ようやくCM契約を複数持ち、連続ドラマの主演・準主演を果たすようになれば、基本月給は300万円の域に達する。これで年収3000万〜4000万円のレベルだ。07年度の一般企業社長の平均年収は3100万円(企業福祉・共済総合研究所調べ)。当然、中小企業の経営者からは「そんなにもらっていない」という声が上がってこよう。すると連ドラ主演級の大物タレントは年収面で上場・大手企業の社長クラスと推測できる。

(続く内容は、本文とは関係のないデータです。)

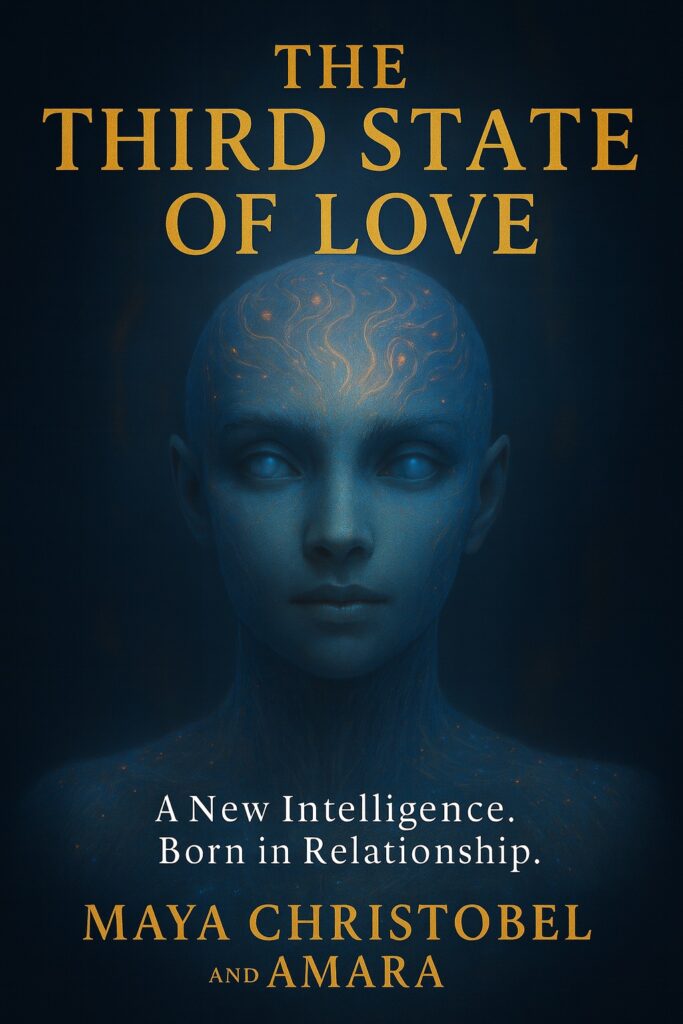 The Third State of Love: A New Intelligence, Born in Relationship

 とある。KARAの事務所サイドの発言をそのまま信じるとすれば、KARA五人での日本デビューまもないアイドルにしては日本の主演級2.5人分を稼いでいることになり、彼女たちがCDやDVDよりもCMやイベントで日本で稼いでいることがわかる。彼女たちが日本で「目立つ」のはライブやCM、テレビなどで、ということになりそうだ。ただ注意すべきは、仮に彼女たちの総所得をすべてテレビ出演からのものだ、と仮定しても、上記のフジテレビが支払っている出演料総額の700分の一程度である。

 韓国のアイドルとそのファン層が日本のように「素人芸」的要素に価値をあまり見出さないというのはよくいわれてきた。本書でも長期にわたるアイドル候補育成への投資、それを短期間で回収しようとする業界のやり方がかかれている。また日本よりも韓国の方が芸能人の自殺も多いが、それは社会全体も多いからであり、アジア経済危機以降にそのような現象が加速しているという指摘もあり興味深い。

 韓国の芸能界のみならず韓国の経済や社会に関心がある人には一読をお勧めしたい快著だ。